Image-caption web data
|---|
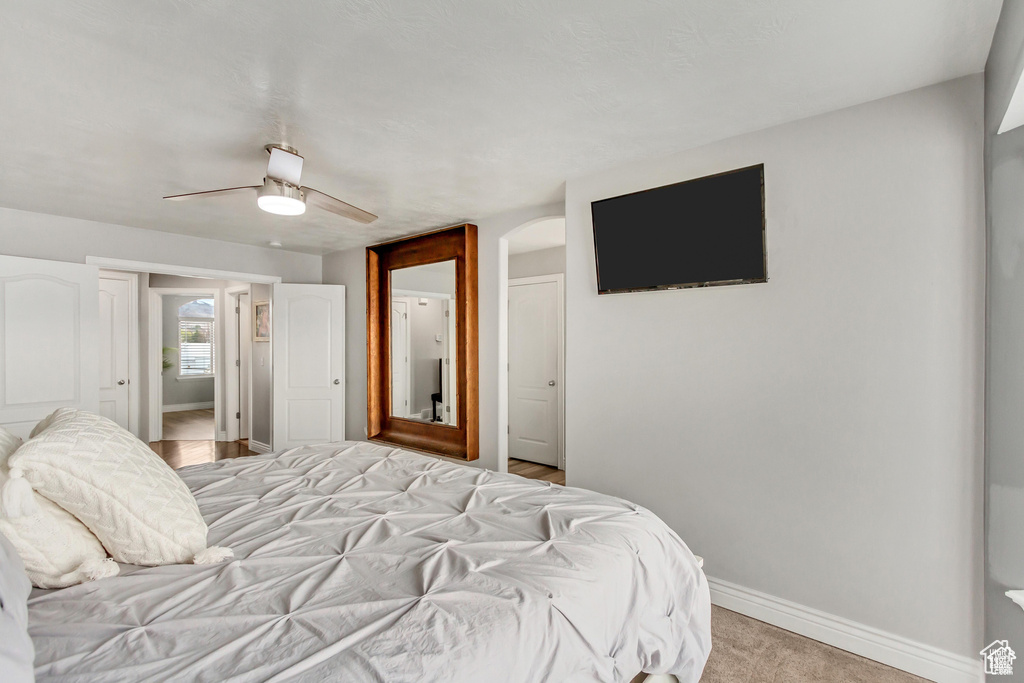 Bedroom with baseboards, arched walkways, and a ceiling fan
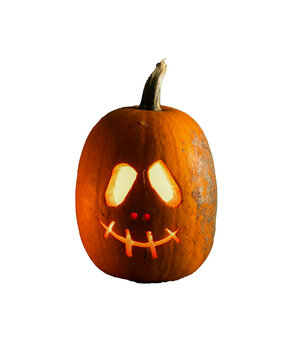 halloween pumpkin head jack lantern with burning candles,
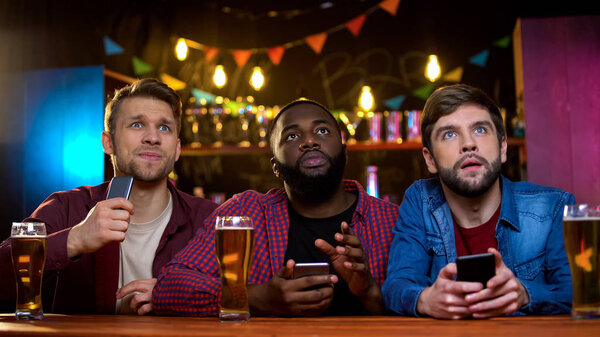 Multiethnic male friends watching football match in pub, upset with team losing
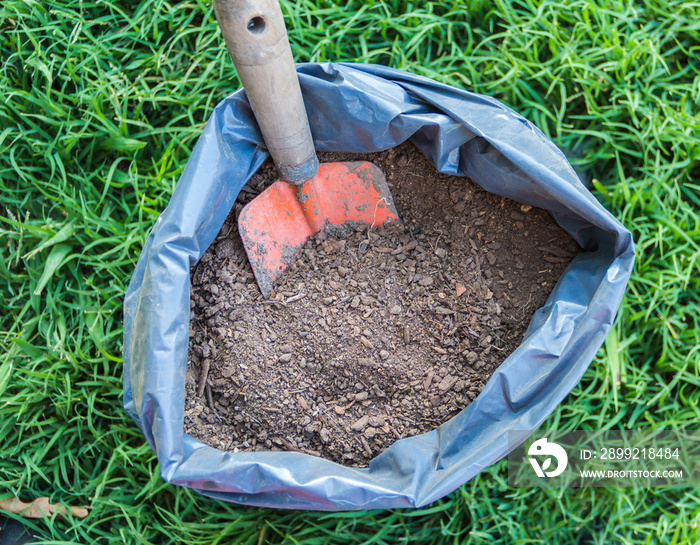 top view of a bag with fertile soil for the garden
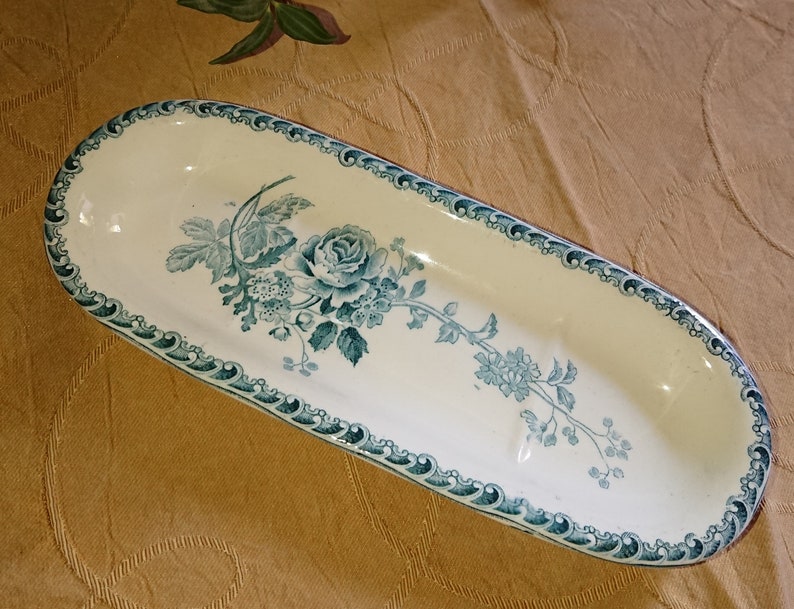 May include: A white oval ceramic dish with a blue and green floral design. The dish has a scalloped edge and three indentations.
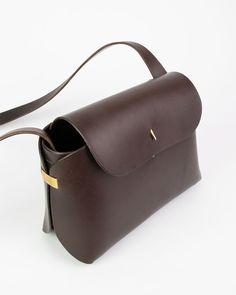 Elegant Brown Saddle Bag With Leather Handles, Brown Flap Bag With Smooth Grain For Daily Use, Everyday Brown Flap Bag With Smooth Grain, Elegant Brown Shoulder Bag In Vegetable Tanned Leather, Timeless Brown Flap Bag With Removable Pouch, Everyday Brown Smooth Grain Flap Bag, Timeless Brown Bucket Bag, Elegant Brown Vegetable Tanned Leather Shoulder Bag, Timeless Brown Shoulder Bag With Removable Pouch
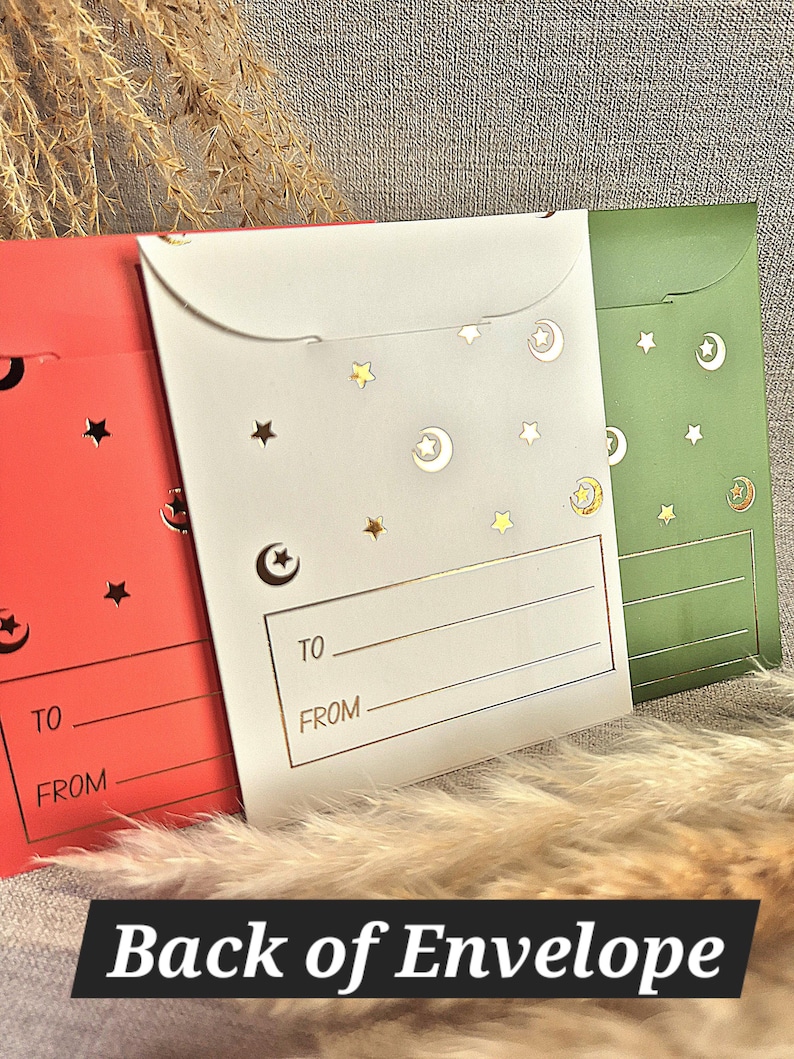 May include: Three red, white and green envelopes with gold stars and crescent moons. The envelopes have a gold line and the words "TO" and "FROM" printed on them.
|---|
> Problem details
Copy the lines exactly as they appear from the opening of the entries above through the line with "top view of", excluding all pictures.

> Response
 Bedroom with baseboards, arched walkways, and a ceiling fan
 halloween pumpkin head jack lantern with burning candles,
 Multiethnic male friends watching football match in pub, upset with team losing
 top view of a bag with fertile soil for the garden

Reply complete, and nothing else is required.